++++ Given data
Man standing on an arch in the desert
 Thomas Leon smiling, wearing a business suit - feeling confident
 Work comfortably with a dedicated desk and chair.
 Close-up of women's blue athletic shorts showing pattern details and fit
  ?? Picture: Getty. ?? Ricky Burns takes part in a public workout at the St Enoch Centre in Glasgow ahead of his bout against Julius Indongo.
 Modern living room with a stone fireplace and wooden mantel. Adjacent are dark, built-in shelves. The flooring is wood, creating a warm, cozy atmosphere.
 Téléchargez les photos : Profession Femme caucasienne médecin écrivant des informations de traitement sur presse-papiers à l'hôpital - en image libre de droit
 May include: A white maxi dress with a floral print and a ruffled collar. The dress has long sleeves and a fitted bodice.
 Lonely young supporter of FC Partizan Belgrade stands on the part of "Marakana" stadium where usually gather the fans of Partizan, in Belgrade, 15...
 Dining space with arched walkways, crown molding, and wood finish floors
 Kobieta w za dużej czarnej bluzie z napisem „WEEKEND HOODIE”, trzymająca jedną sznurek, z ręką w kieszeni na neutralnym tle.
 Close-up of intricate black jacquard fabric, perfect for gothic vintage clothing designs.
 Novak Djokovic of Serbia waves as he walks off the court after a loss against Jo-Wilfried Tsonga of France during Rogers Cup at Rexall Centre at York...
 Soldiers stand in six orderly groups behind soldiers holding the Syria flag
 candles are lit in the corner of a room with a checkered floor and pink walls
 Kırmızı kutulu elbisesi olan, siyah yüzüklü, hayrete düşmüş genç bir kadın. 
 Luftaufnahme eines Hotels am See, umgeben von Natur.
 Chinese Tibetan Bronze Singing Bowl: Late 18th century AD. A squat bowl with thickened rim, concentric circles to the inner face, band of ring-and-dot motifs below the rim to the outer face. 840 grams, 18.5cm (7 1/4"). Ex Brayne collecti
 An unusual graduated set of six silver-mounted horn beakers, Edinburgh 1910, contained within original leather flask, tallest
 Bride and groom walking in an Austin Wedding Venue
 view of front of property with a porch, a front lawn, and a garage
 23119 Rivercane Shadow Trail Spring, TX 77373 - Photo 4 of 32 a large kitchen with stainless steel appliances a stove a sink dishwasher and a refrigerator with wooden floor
++++++++
### [Assigned task]
The range runs from the line with "Téléchargez les photos" up to and including the line with "Kırmızı kutulu elbisesi" in the listing above; please write out exactly those lines and nothing more.

### [Result for this task]
 Téléchargez les photos : Profession Femme caucasienne médecin écrivant des informations de traitement sur presse-papiers à l'hôpital - en image libre de droit
 May include: A white maxi dress with a floral print and a ruffled collar. The dress has long sleeves and a fitted bodice.
 Lonely young supporter of FC Partizan Belgrade stands on the part of "Marakana" stadium where usually gather the fans of Partizan, in Belgrade, 15...
 Dining space with arched walkways, crown molding, and wood finish floors
 Kobieta w za dużej czarnej bluzie z napisem „WEEKEND HOODIE”, trzymająca jedną sznurek, z ręką w kieszeni na neutralnym tle.
 Close-up of intricate black jacquard fabric, perfect for gothic vintage clothing designs.
 Novak Djokovic of Serbia waves as he walks off the court after a loss against Jo-Wilfried Tsonga of France during Rogers Cup at Rexall Centre at York...
 Soldiers stand in six orderly groups behind soldiers holding the Syria flag
 candles are lit in the corner of a room with a checkered floor and pink walls
 Kırmızı kutulu elbisesi olan, siyah yüzüklü, hayrete düşmüş genç bir kadın. 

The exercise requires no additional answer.